What the exercise asks
Take the material below and output exactly the run of lines from the one containing "Un plan de travail" down to the one containing "Keto green bean", with both included.

Record excerpts
★ ★ ★ ★

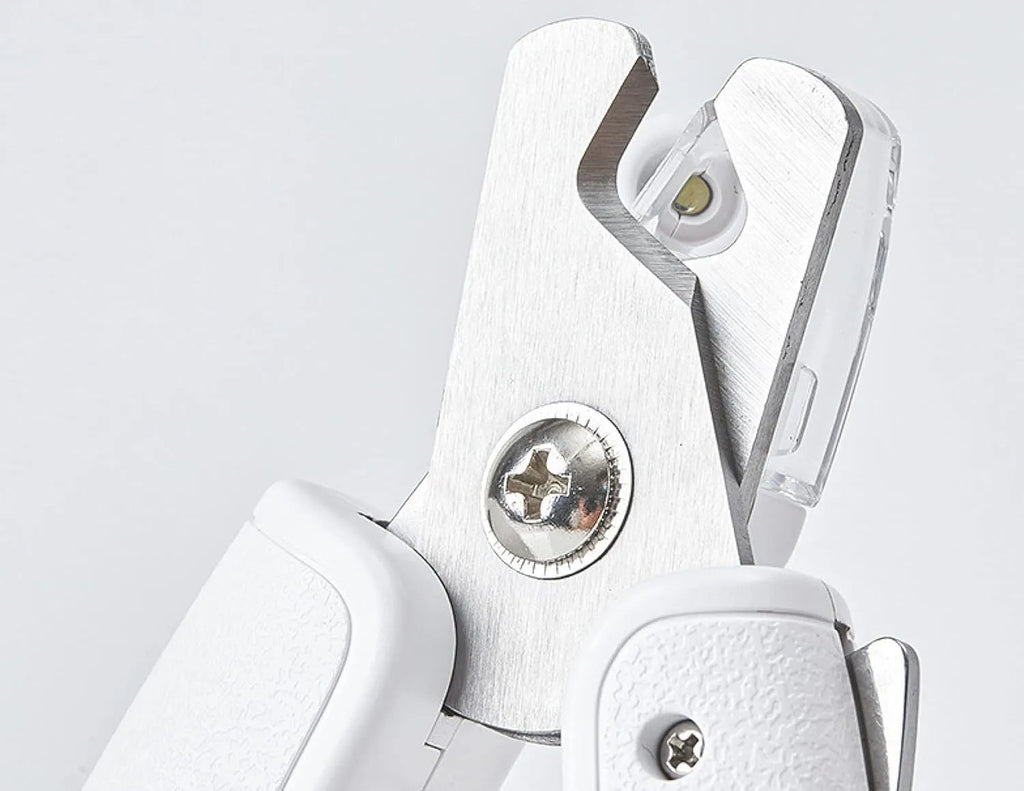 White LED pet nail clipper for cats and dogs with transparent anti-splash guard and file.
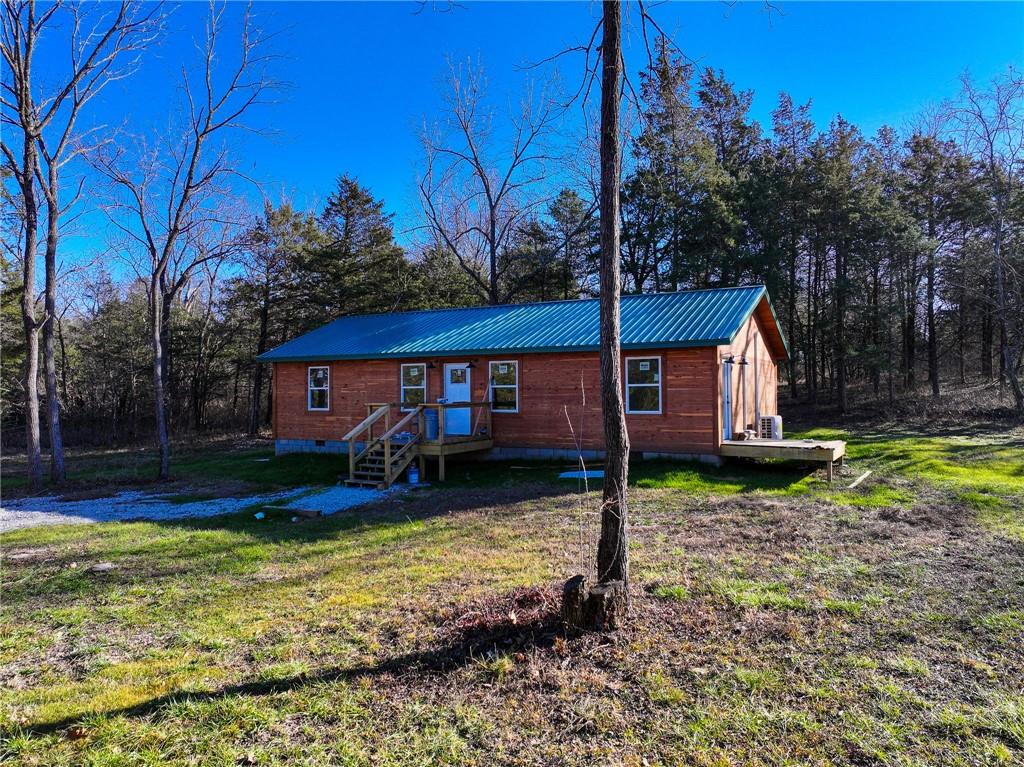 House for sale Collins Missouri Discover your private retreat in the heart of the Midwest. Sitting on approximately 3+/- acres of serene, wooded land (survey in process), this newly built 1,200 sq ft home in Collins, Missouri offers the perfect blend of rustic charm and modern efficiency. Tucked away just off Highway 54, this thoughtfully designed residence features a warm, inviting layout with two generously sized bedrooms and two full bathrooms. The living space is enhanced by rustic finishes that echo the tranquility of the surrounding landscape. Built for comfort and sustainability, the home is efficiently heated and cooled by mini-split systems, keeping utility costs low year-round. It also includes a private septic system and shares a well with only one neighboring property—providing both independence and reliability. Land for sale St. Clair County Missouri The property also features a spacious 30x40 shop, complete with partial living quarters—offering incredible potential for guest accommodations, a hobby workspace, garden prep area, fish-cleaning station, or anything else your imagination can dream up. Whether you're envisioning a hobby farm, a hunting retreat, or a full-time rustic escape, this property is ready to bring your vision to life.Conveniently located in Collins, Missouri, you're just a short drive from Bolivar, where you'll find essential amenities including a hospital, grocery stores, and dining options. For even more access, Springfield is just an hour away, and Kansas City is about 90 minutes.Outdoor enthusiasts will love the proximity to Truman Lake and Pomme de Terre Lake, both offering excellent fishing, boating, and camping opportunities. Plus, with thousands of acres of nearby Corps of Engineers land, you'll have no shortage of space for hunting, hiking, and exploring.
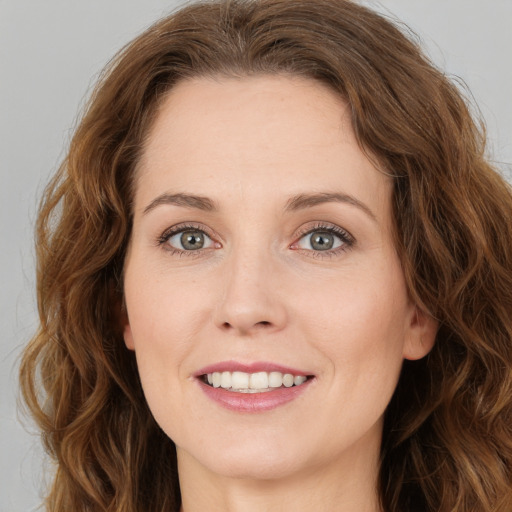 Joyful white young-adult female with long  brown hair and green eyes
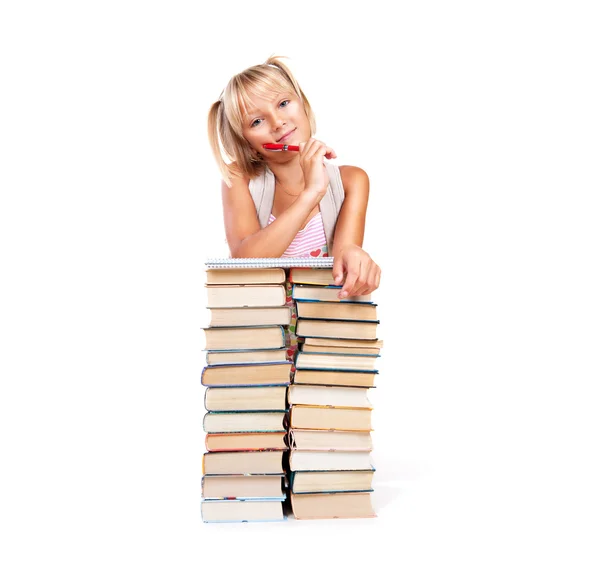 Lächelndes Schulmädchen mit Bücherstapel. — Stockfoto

★ ★ ★ ★

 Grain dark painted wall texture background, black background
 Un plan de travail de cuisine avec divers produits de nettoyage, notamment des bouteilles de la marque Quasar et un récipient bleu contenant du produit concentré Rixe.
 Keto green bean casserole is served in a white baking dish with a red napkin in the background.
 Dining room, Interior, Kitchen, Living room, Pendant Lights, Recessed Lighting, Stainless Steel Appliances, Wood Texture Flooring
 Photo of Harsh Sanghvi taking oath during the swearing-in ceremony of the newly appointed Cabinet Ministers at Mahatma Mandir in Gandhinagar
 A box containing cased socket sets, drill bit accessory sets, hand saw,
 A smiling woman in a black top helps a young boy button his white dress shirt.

★ ★ ★ ★

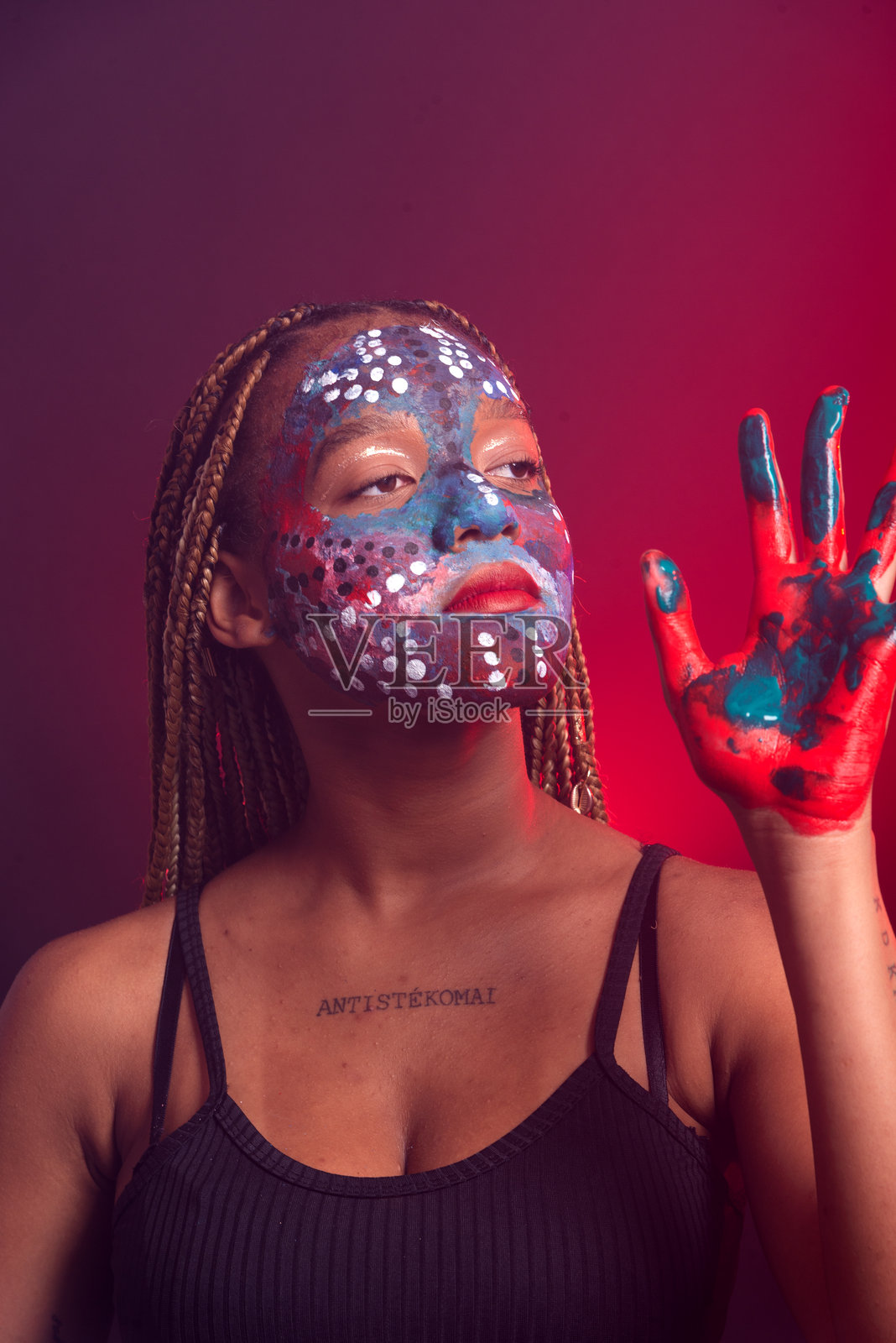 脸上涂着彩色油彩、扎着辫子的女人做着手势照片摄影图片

★ ★ ★ ★

Answer for this exercise
 Un plan de travail de cuisine avec divers produits de nettoyage, notamment des bouteilles de la marque Quasar et un récipient bleu contenant du produit concentré Rixe.
 Keto green bean casserole is served in a white baking dish with a red napkin in the background.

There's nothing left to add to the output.